Parlavamo di due anime distinte. La prima si è da sempre dedicata alla costante ricerca e allo studio dei suoni nella loro forma più pura, generalmente definita rumoristica, da qui il powernoise. Prendiamo ad esempio un lavoro particolarmente innovativo come il primo album a nome Dive. Già nel 1990, la filosofia del less is more (per saperne di più leggete lo speciale del 2013) porta l’electro a compiere la sua ulteriore trasformaziome nel primo album di Sonar, considerato uno dei principali, probabilmente il principale album del genere.
La seconda si focalizza maggiormente sulla ripetizione monolitica di ritmiche dure e fredde, il cui approccio affonda prepotentemente in certa techno, snaturandola e trasformandola in una marcia alienante e ballabile.

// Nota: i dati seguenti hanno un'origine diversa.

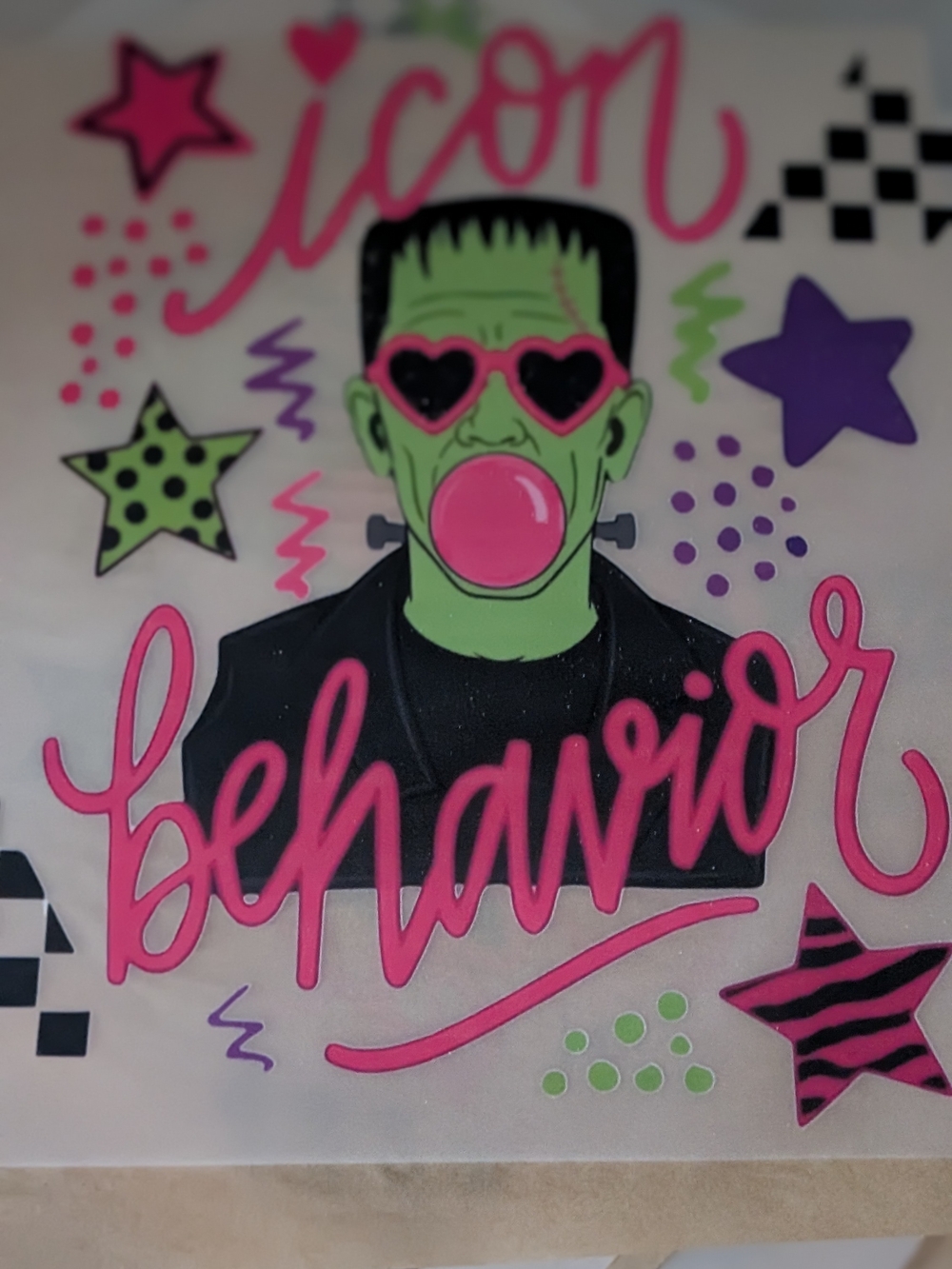 Gilded Intent Neon Pink, Black & Green "Behavior" Graphic Short Sleeve Tee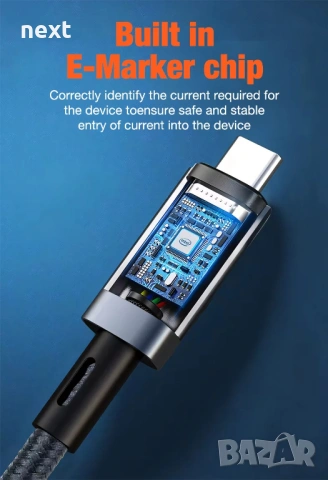 USB4 Type-C Кабел 240W PD / 40Gbps / 8K – E-Marker Chip съвместим Thunderbolt 3 4, снимка 10 - Кабели и адаптери - 53846822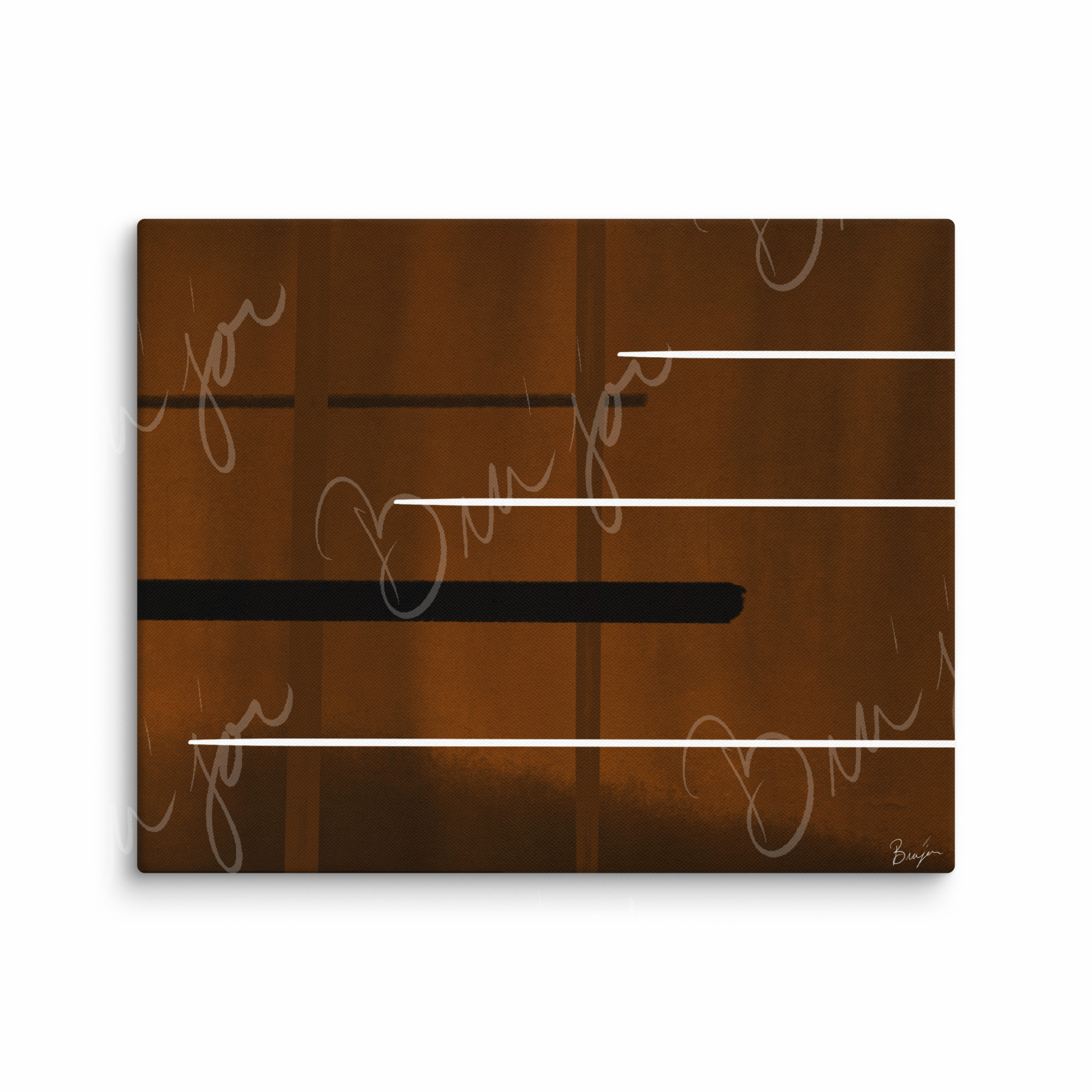 16x20 Canvas Abstract artwork titled Steps designed by the digital abstract artist Bra'jor. Artwork includes the colors Brown, Black, and White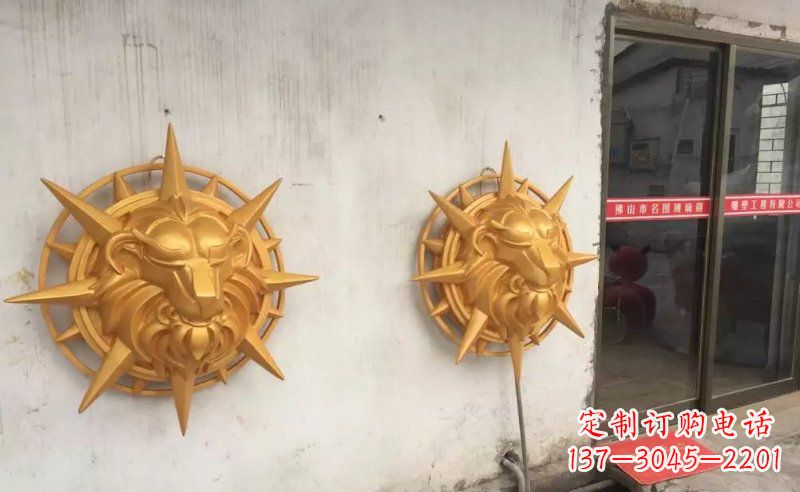 温州玻璃钢狮子头仿铜景观雕塑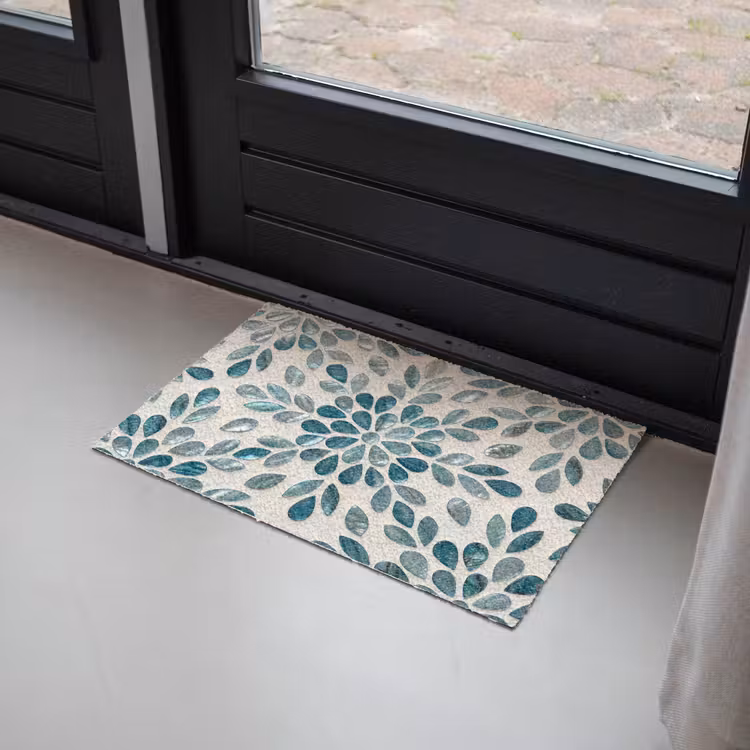 Patroon - Bladeren - Abstract - Modern - Turquoise Deurmat klein -sfeer2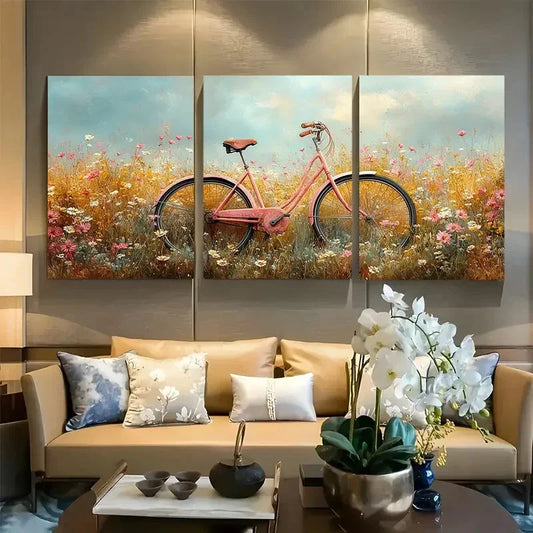 3pcs Vibrant Bicycle in Meadow Design Metal Print Ready to Hang Art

Nel frattempo passano gli anni e il progetto dà alla luce altri dischi che, colto il messaggio iniziale, trasformano le idee e gli spaccati del primo album in un genere dai contorni abbastanza definiti. Del resto la mission del duo non è l’innovazione e la complessità delle composizioni, al contrario di quanto svolto dalla generazione di sperimentatori del genere. Lo scopo è quello di colpire e di alienare utilizzando ritmiche dure, ripetititve e glaciali, sporcate da distorsioni e rumori lancinanti. L’alienazione è la nuova reincarnazione del principio della musica per i corpi, ed ha il suo bel seguito.

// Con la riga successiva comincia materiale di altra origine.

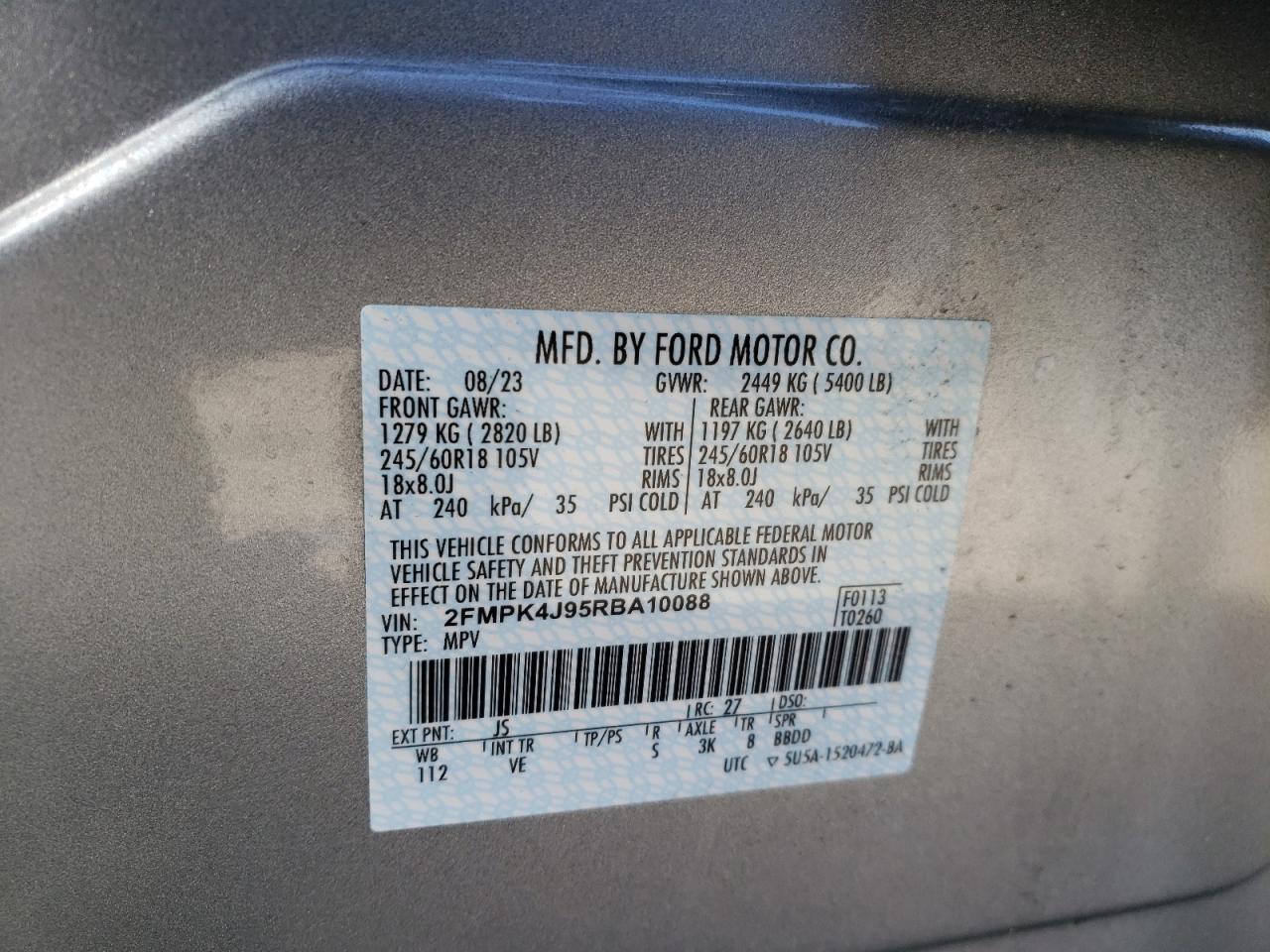 Photo 12 VIN: 2FMPK4J95RBA10088 - FORD EDGE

Questo album non introduce alcun elemento innovativo ma ha il pregio di declinare la formula, come sempre e in maniera magistrale, recuperando la freschezza dei primi album e, seppur alla lontana, le influenze electro che il duo si porta dietro, consci di aver scritto pagine imprescindibili nella storia di entrambi i generi. Gli episodi migliori sono forse i brevi spaccati, bozze in divenire che cadono giù come massi primordiali e sotterrano con il loro suono acido. L’electro-oriented di If so, what would you do? è uno dei brani migliori, e così anche Tower, Better change e la title-track, algida e disturbata-disturbante. Non mancano gli elementi originali in composizioni che, ad un orecchio non attento, potrebbero sembrare monolitiche e somiglianti le une alle altre. Ogni brano vive di vita propria e conosce mutazioni sottocutanee non indifferenti.

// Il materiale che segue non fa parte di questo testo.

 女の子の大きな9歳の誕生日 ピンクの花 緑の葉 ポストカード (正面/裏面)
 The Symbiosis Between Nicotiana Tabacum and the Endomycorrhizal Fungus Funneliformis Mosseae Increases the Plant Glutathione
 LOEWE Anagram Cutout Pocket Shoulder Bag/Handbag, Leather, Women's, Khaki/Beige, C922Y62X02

Inutile aspettarsi particolari innovazioni o trovate originali come in molti artisti del catalogo della label Hands, inutile aspettarsi quello che Sonar non è. Aspettiamoci quello che è, e questa è l’ennesima riprova della freschezza di quello che il duo riesce a comunicare, sempre secondo il principio del less is more. Un disco molto facile? Solo ad un primo ascolto, c’è da scavare in profondità. E voi siete pronti a farlo?